Тороп бросил взгляд на Мураву, поглядеть, какую молитву творит она, и дыхание в нем прервалось… Девушки рядом не оказалось! В смятении мерянин обшаривал взглядом толпу, не в силах нигде ее обнаружить. Мысли в голове путались в бесформенный клубок, словно змеи в яме…
Тем временем процессия медленно продвигалась к своей страшной цели. Наставник поднимался на помост. Хотя он двигался только чудовищным напряжением своей несгибаемой воли, не позволявшей ему даже в последний час проявлять перед ненавистными хазарами слабость, было видно, что палачи и конвой его боятся.
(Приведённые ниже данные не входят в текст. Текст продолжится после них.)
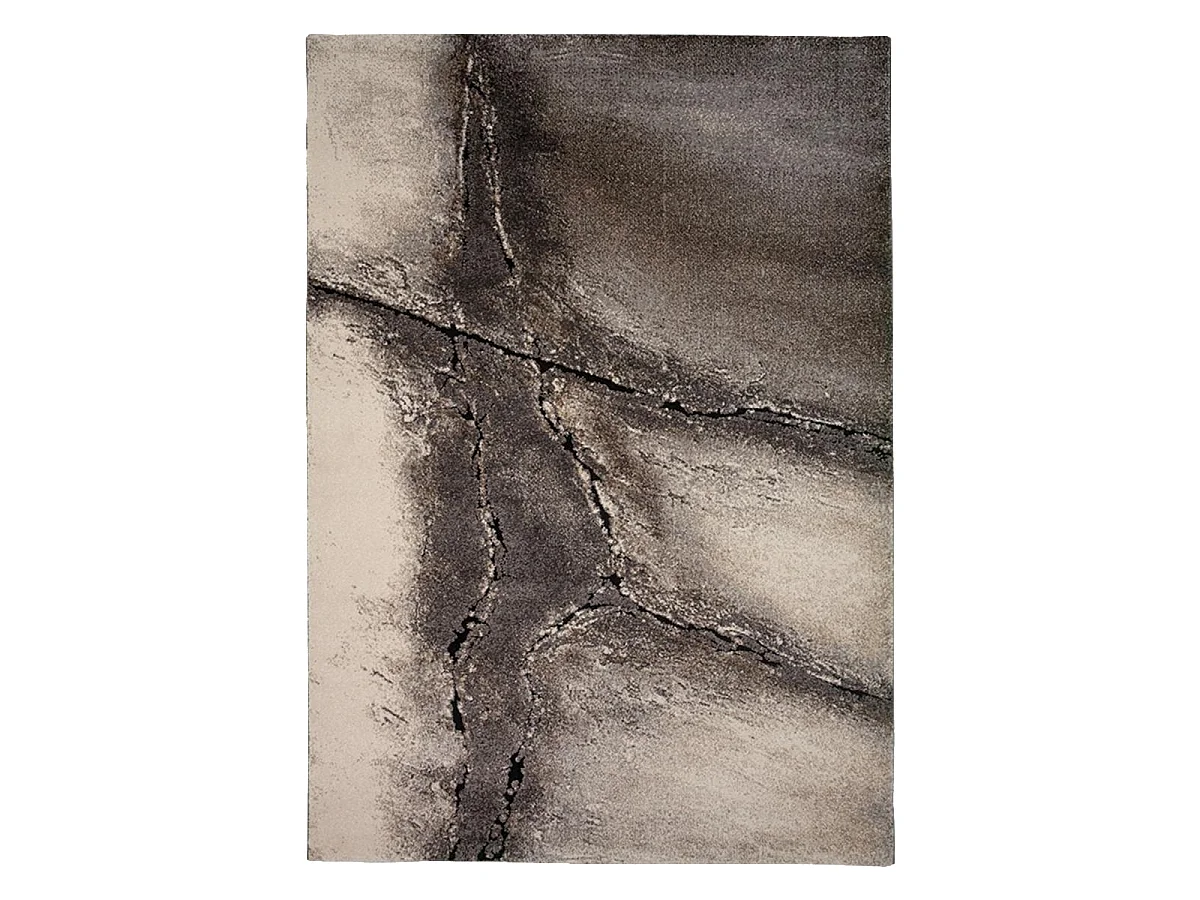 tapis chambre 80x150 tissé gris rectangle motif abstrait TAMPI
Не спуская глаз с приговоренного, они, тем не менее, шагали чуть поодаль, держа наготове оружие.
Оказавшись наверху, бледнее смерти, судорожно хватая воздух разорванным ртом, Лютобор окинул взглядом толпу, собравшуюся поглазеть, как он будет умирать. Кого он искал, Бог весть! Может, товарищей-новгородцев, не успевших прийти на помощь, может, братьев руссов или степняков, может, еще кого…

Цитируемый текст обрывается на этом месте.